How Euphoria Proves Belly Was Ahead of Its Time

Movies Features Hype Williams
Share Tweet Submit Pin
How <i>Euphoria</i> Proves <i>Belly</i> Was Ahead of Its Time

I’ve seen Euphoria described as 10 minutes of plot and 40 minutes of music video because of its commitment to great needledrops, excellent score by Labrinth and overall focus on visual rather than verbal quality. If that style appeals to you, there’s a movie you ought to see with a similar ratio of cool angles and dope music to coherent plot. Way back in the distant past of 1998, there was a film called Belly directed by prolific music video director Harold “Hype” Williams.

Williams had been making music videos since 1991, and is still making them today, working with many of your favorite hip-hop and R&B artists, in addition to musicians like Jessica Simpson, Dan Balan and Adam Lambert, among others. Alongside Anthony Bodden and Nas (who would co-star in the film), Williams crafted a story before penning the screenplay himself. The movie has plenty of writing flaws compounded by uneven acting. Too many ideas happen too quickly, covering 11 months’ worth of events—that could have been spread over several years—in just 92 minutes. Yet, while the editing adds to some of the pacing issues, it also contributes to the distinct visual style which has proved to be very much ahead of its time.

The plot of Belly gets a little convoluted, but it’s essentially about the divergent paths of two very successful New York criminals, Tommy “Buns” Bundy (DMX) and Sincere (Nas). After Buns sees a news story about an extremely potent new form of heroin, the two get involved in the drug trade in the Midwest, and have their operation tipped-off to the cops by a jealous rival (Tyrin Turner’s Big Head Rico). Sincere reconsiders his lifestyle while Buns sinks lower into it. Sincere gradually moves away from a life of violence to do right by his wife Tionne (T-Boz from TLC, one of the film’s better actors) while his narration evokes Five Percenter/Nation of Islam rhetoric cribbed from the writings of Reverend Saviour AKA “The Minister” (longtime Civil Rights activist Benjamin Chavis, who at the time was Benjamin Muhammed).

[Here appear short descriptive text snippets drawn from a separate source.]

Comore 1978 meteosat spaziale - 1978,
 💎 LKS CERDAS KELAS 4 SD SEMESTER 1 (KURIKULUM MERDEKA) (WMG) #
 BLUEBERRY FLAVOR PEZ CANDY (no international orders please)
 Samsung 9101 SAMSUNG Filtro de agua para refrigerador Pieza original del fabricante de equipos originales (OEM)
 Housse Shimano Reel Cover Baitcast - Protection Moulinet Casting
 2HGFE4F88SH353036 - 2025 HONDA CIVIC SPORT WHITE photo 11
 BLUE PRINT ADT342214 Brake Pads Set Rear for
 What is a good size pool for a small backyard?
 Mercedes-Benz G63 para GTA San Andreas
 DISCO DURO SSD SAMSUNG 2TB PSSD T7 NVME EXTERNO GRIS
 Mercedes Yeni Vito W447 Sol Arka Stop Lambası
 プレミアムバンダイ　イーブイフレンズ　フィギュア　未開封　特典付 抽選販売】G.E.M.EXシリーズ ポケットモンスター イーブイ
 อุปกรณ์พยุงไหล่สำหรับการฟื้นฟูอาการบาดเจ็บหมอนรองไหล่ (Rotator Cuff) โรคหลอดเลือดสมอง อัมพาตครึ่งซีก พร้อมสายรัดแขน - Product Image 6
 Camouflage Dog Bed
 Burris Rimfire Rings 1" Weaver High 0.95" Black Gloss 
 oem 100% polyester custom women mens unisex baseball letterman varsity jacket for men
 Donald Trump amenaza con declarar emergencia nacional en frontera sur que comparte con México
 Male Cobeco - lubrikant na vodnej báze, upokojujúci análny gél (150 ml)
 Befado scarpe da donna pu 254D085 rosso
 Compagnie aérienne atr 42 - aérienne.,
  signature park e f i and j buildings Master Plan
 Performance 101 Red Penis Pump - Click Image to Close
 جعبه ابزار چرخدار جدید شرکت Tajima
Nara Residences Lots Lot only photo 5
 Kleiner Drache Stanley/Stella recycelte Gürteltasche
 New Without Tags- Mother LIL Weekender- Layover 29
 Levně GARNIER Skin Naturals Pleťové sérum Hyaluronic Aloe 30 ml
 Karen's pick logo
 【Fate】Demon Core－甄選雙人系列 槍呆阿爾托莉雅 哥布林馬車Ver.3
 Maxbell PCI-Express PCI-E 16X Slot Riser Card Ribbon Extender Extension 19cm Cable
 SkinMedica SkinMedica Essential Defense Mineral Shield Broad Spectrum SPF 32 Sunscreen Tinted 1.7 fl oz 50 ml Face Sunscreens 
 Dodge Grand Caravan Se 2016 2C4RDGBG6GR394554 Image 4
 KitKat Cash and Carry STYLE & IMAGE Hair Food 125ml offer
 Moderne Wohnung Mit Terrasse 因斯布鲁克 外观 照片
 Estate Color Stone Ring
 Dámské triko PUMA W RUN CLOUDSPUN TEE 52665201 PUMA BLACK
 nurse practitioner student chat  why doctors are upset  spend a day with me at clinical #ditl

On the other end, Buns ends up acting as a hitman for his connect, the Jamaican drug lord Lennox AKA Ox (dancehall legend Louie Rankin), and then becomes the target of he and Sincere’s incarcerated former remote partner Knowledge (Oliver Grant) who hires Shameek AKA Father Sha (Method Man) to hunt down Rico, Buns and Sincere—endangering Tionne as well as Buns’ live-in girlfriend Kisha (Taral Hicks). Lennox gets killed in a scene that is very clearly copied from De Palma’s Scarface but also feels a bit like a ‘70s action movie. Prolific mob movie actor Frank Vincent plays a shady government agent that finds Buns when he’s on the lam and blackmails him into infiltrating the Nation of Islam and assassinating The Minister. Belly ends when The Minister, in turn, convinces Buns to put his gun down so that the people can hear his message.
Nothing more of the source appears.